Five reasons to persuade you to go and see this remarkable exhibition, which is only on for one month.

A great treat for Parisians. From September 15 to October 14, the 30 scrolls of Itō Jakuchū's series The Colourful Realm of Living Beings (Dōshokusai-e) are being presented in their entirety at the Petit Palais.

Jakuchū’s incredibly delicate silk paintings are extraordinary masterpieces. Their technical mastery and the vivid brilliance of the succession of living beings he depicts are absolutely fascinating.

Not surprisingly, the exhibition is already enjoying considerable success with the Parisian public.

Need more convincing?  Here are 5 reasons to inspire you and your nearest and dearest to go and see the amazing Colourful Realm of Living Beings.


Petit Palais, musée des Beaux-arts de la Ville de Paris

Avenue Winston Churchill
75008 Paris

1] Because the exhibition is only on for thirty days

Paon blanc

Because of their extreme fragility the 30 hanging silk scrolls will be on show for only 30 days, from 15 September to 14 October 2018. It took a full six years of restoration work to return The Colourful Realm of Living Beings to its original splendour.

2] This is the first time in Europe

Paon blanc avec des coeurs

Jakuchū's works are not only fragile, but they are also very rare.

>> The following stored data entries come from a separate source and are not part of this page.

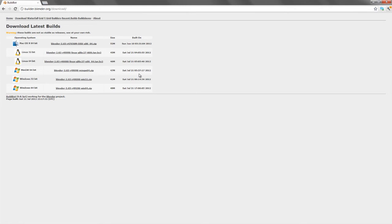Currently, this is essentially the Blender 2.64 beta build, which will be released shortly before or after the release of this DVD. This allows you to very easily get development builds for Blender where you can test the latest features and bug fixes.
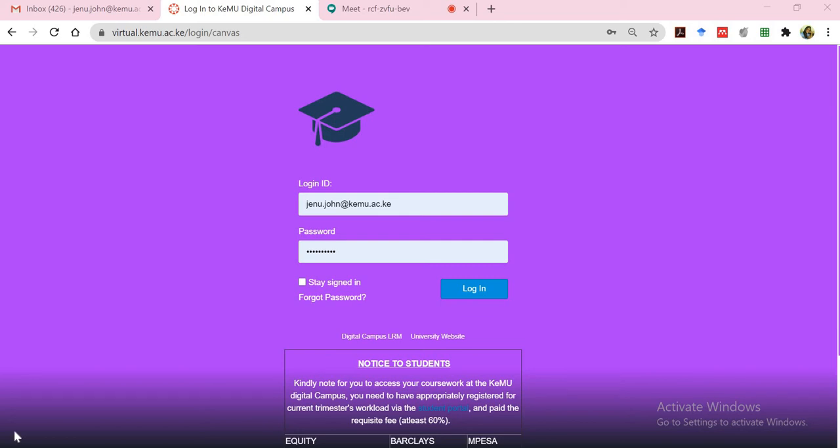Hi again. This is a brief tutorial on how you can schedule your online class using Google Meet and the calendar that is provided to us as KEMU staff under the G Suite of applications.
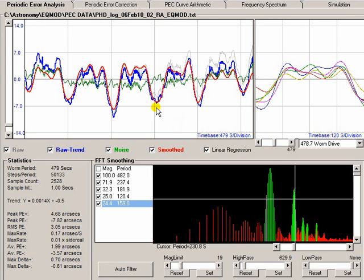Hi, Chris here from the EQMOD project. This video is looking at PECPREP and we're going to look at the frequency spectrum.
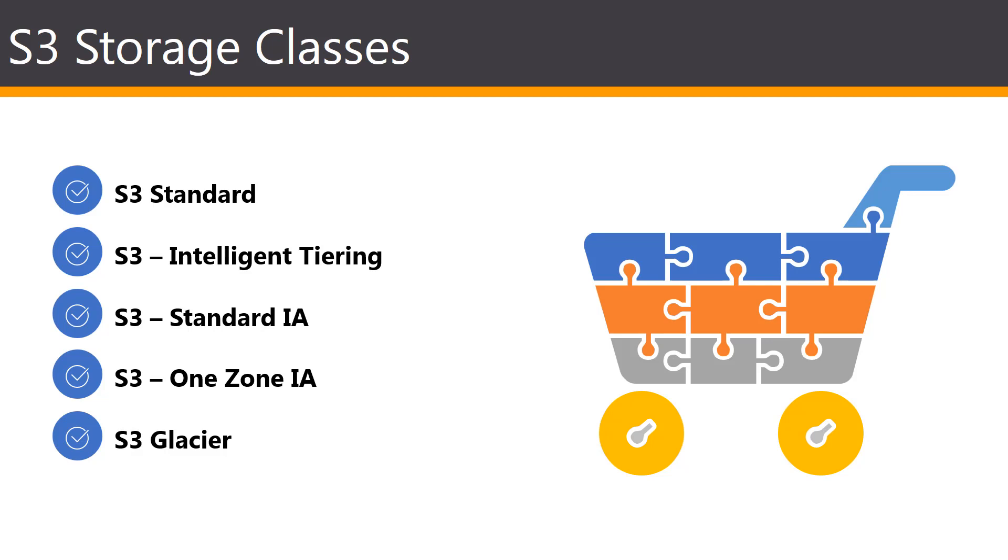Unlike the other storage classes, which store data in a minimum of three availability zones, the One-Zone IA stores data in a single unit.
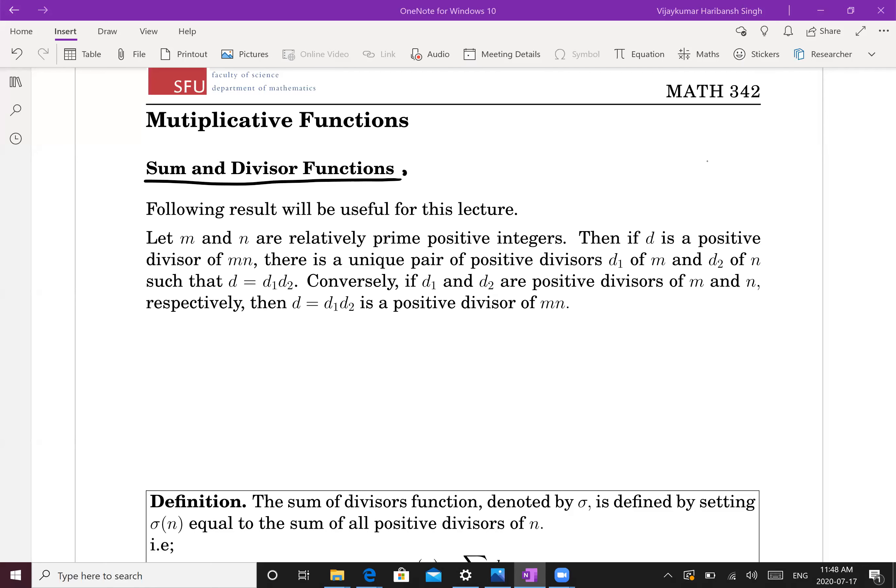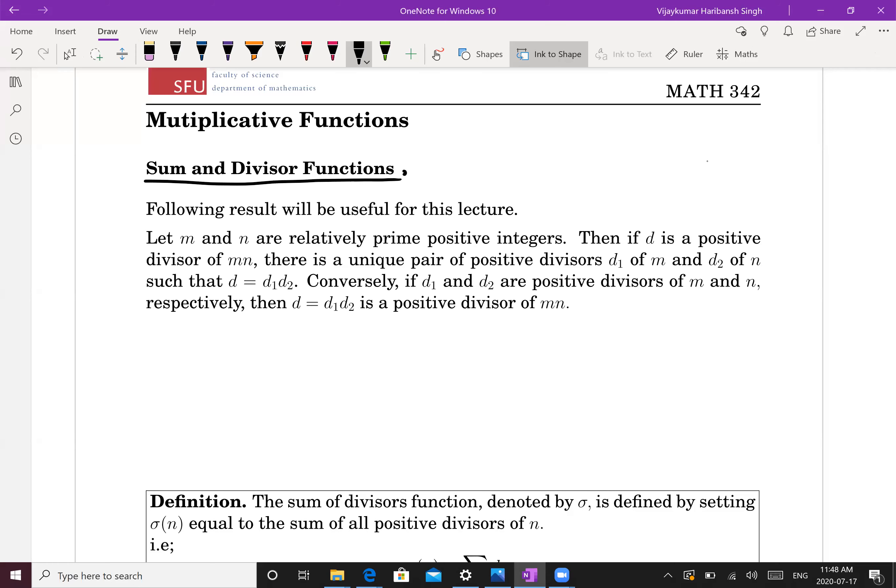Welcome students. We want to discuss a few more multiplicative functions. Until now we have discussed the Euler phi function, or Euler totient function. We want to discuss two more multiplicative functions: the sum of divisors function and the divisor function.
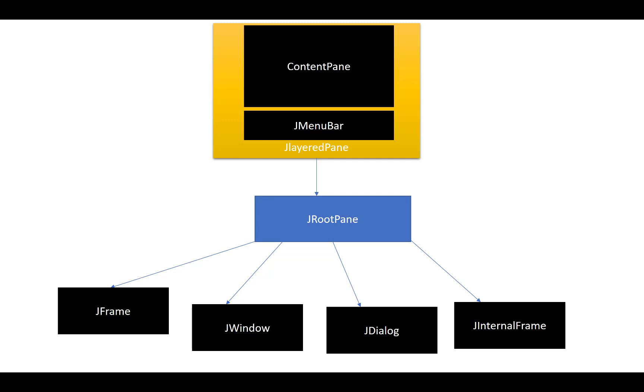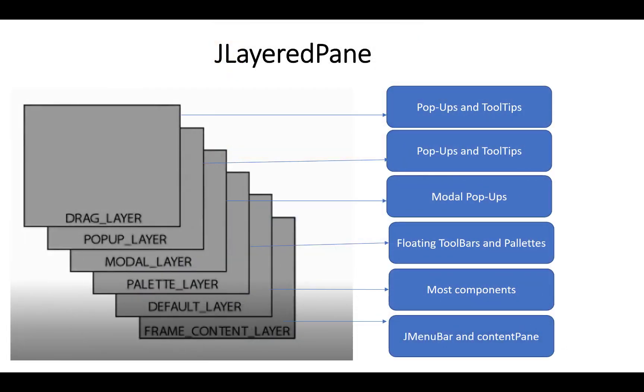Later I will discuss more about these classes. A JLayeredPane is basically divided into a layer system. The bottom layer is the frame content layer in which you can design JMenuBar and ContentPane, and the default layer is used for most components.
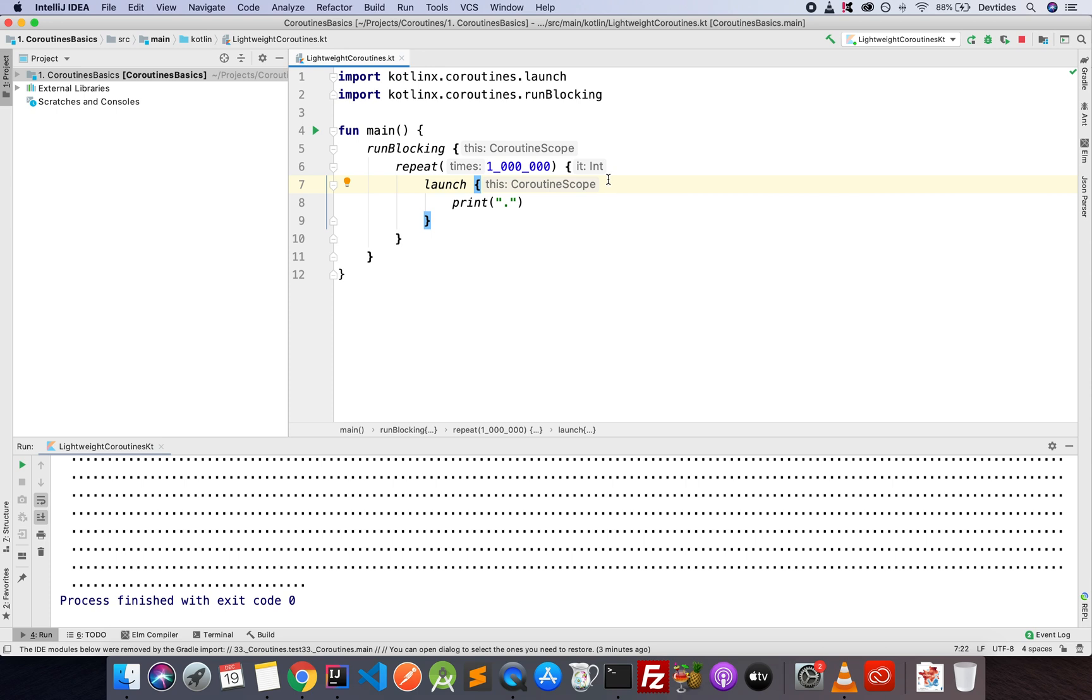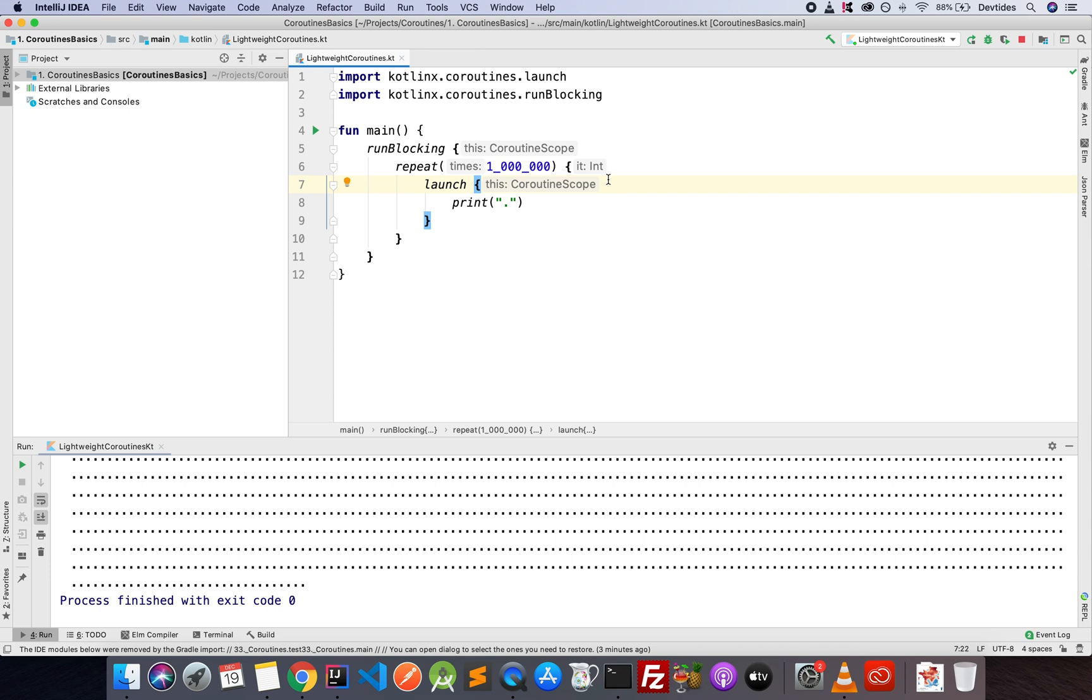The point of all this is do not worry about the performance impact of starting a lot of coroutines. They are very lightweight. There is no worry there. The only impact that they might have is if the functionality inside of the coroutine is very heavy. In that case, you might want to think about performance. But in terms of starting many coroutines, that is really, really not a concern. So go ahead and start as many as you like at any point in your code.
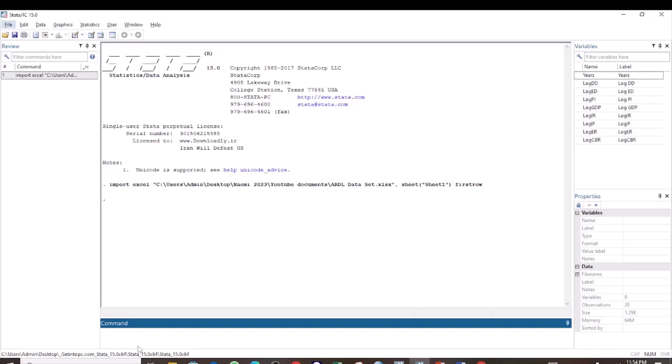Hello, welcome to Exerlin with Naomi. Upon testing for co-integration, if you find that there is co-integration, the next step is to run the error correction model.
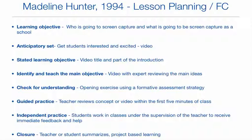And also closure — a teacher or even a student can summarize what went on in class that day. You can provide another check for understanding exercise at the end to make sure you know what students know at the end of your lesson, and it can help guide your instruction the next day. This is an overview of Madeline Hunter and how it applies to the Flip classroom.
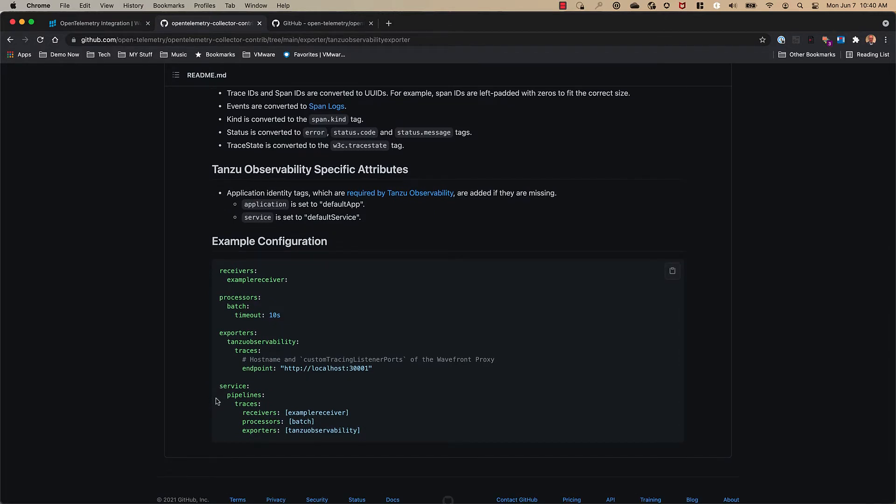So we're going to use this example configuration and the example code in this repo to show how this works with Tanzu Observability.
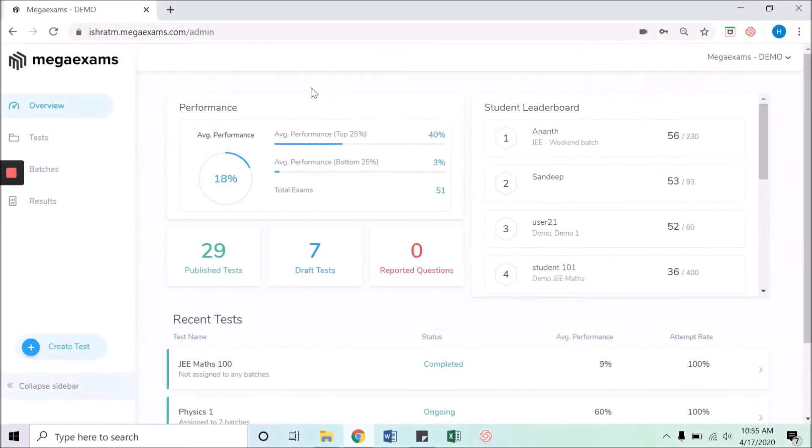Welcome to Mega Exams. In this video we will learn how to conduct an exam using OMR sheet offline and use cloud OMR to evaluate online.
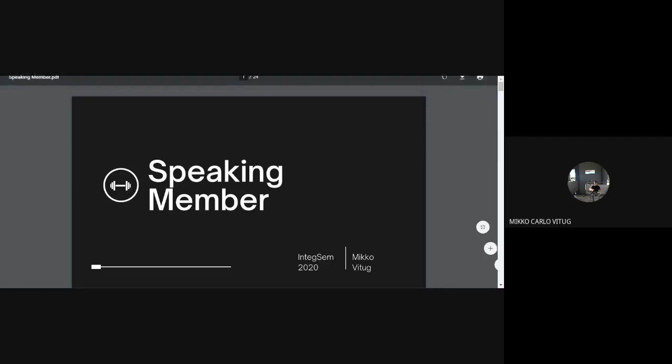Hello, my name is Miko. Today I'll be giving a lecture on how to speak Member. A few words of discussion before I start.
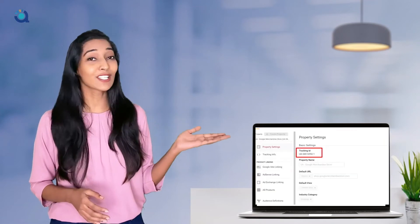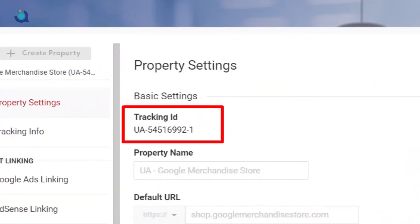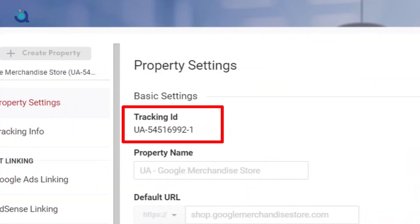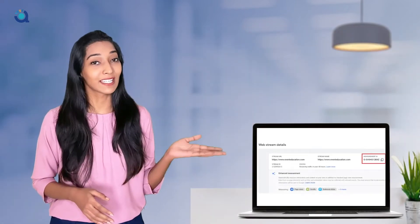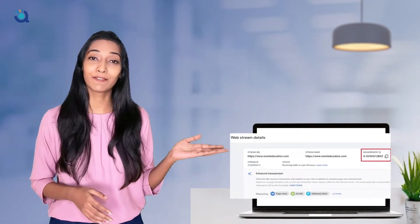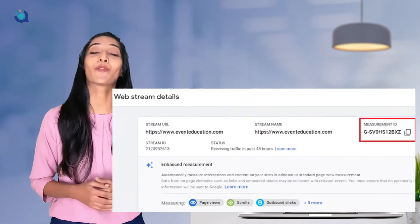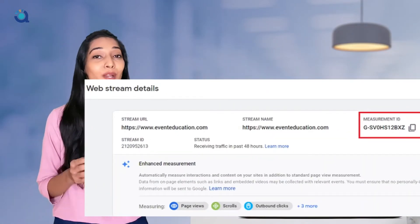Universal Analytics identifies your property with a tracking ID, while Google Analytics 4 identifies your properties with a measurement ID.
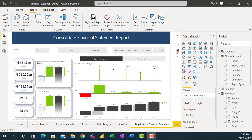Hello everyone! This is Series 1 of the Dynamic Dashboard. In this video, we are going to learn how to create dynamic text and headings with DAX in Power BI. Let's jump into this.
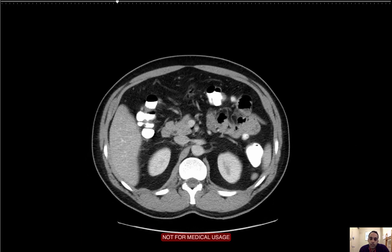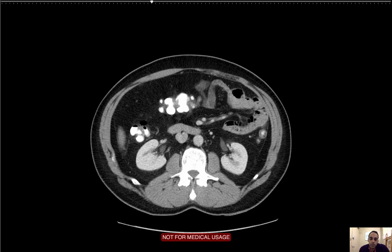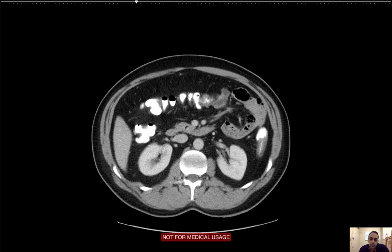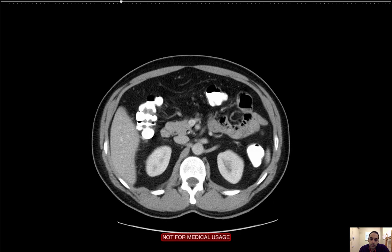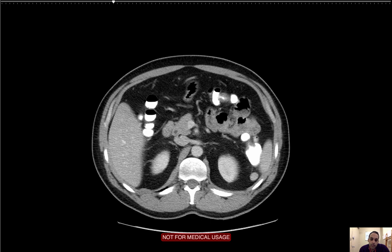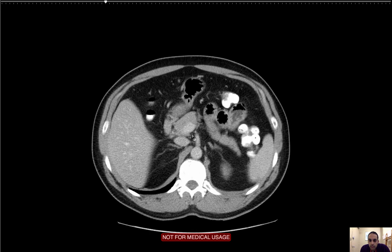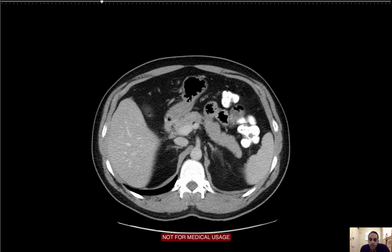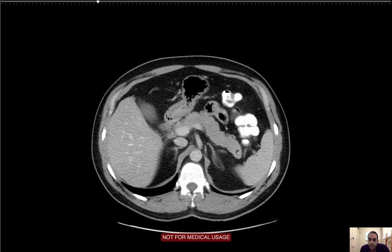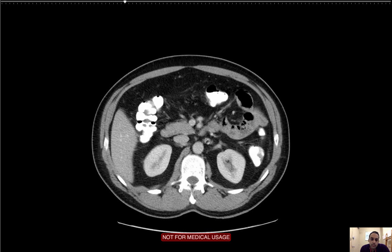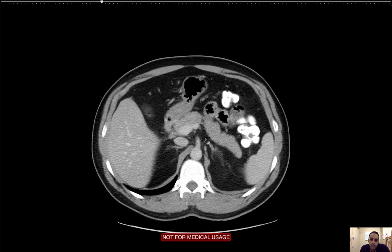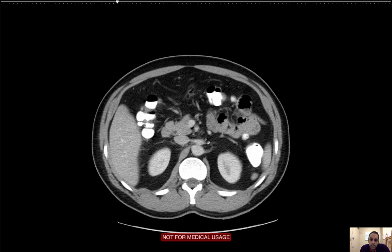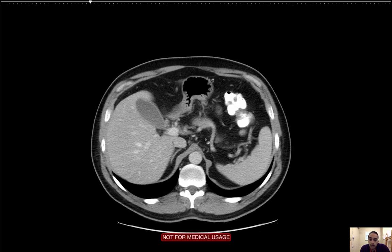I'm going to come to the pancreas. Starting here at the third portion of the duodenum as it comes across the retroperitoneum. Coming up, I start to see the uncinate process of the pancreas, then the head of the pancreas, and the common bile duct within the head, curving right along the superior mesenteric vessels — the artery and the vein. The neck, body, and tail of the pancreas are visible. I'm basically looking for focal lesions and diffuse disease such as pancreatitis, any fluid collections. I'm not seeing any of that. The pancreas is unremarkable. There are no focal pancreatic lesions.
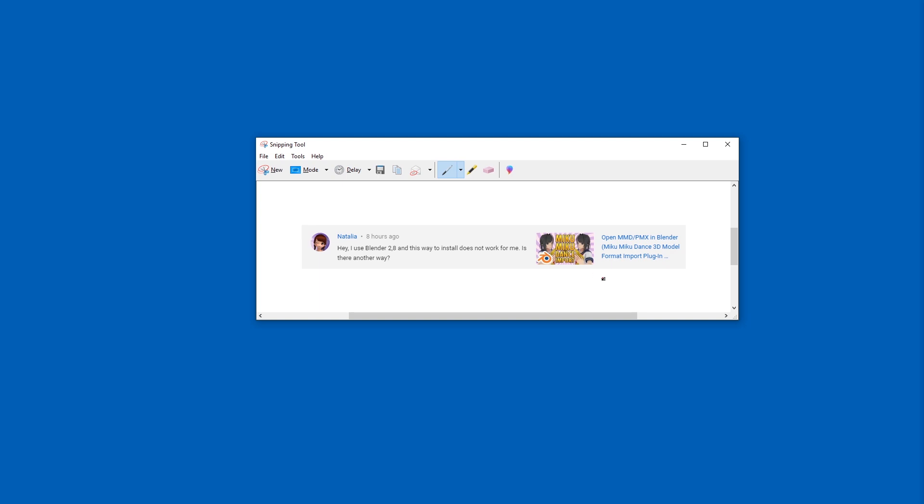Hello and welcome. I made a tutorial for a specific file format for Blender a year ago. You need to have Blender 2.79 for this. You can't use 2.8 because nobody updated the plugins.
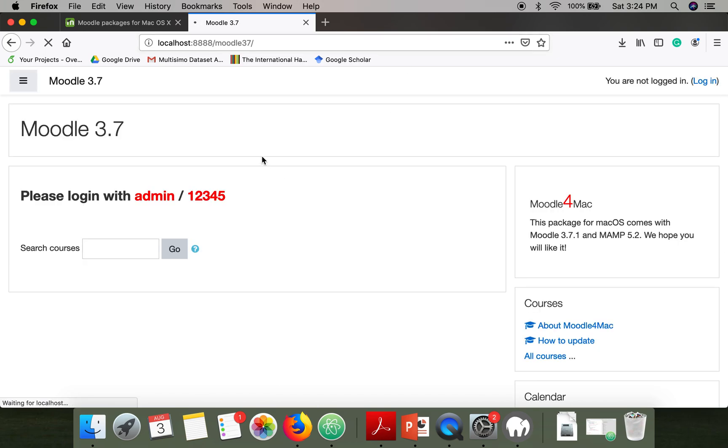And here we have Moodle installed on Mac. Thank you very much for watching.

Thanks to an exceptional loan from Japan’s Imperial Collection, the series of hanging silk scroll paintings The Colourful Realm of Living Beings has left the Museum of the Imperial Collections in Tokyo for one month in order to be exhibited in Europe for the first time.
This is a unique and significant event considering that, in 2016, the Jakuchū exhibition in Tokyo broke all previous attendance records with 450,000 visitors in one month.

3] Because the exhibition will appeal to lovers of nature…


You will see at first glance, the moment you set foot in the exhibition, that Jakuchū's ambition was to express all the purity, the beauty and the life force of the plants, birds, insects, reptiles and fish that inhabit the natural world.

It was this vividness and vibrancy that Jakuchū set out to depict in his Colourful Realm of Living Beings. His large silk scrolls reveal a detailed observation of everything in nature, and this has made him recognised as an outstanding painter "from nature".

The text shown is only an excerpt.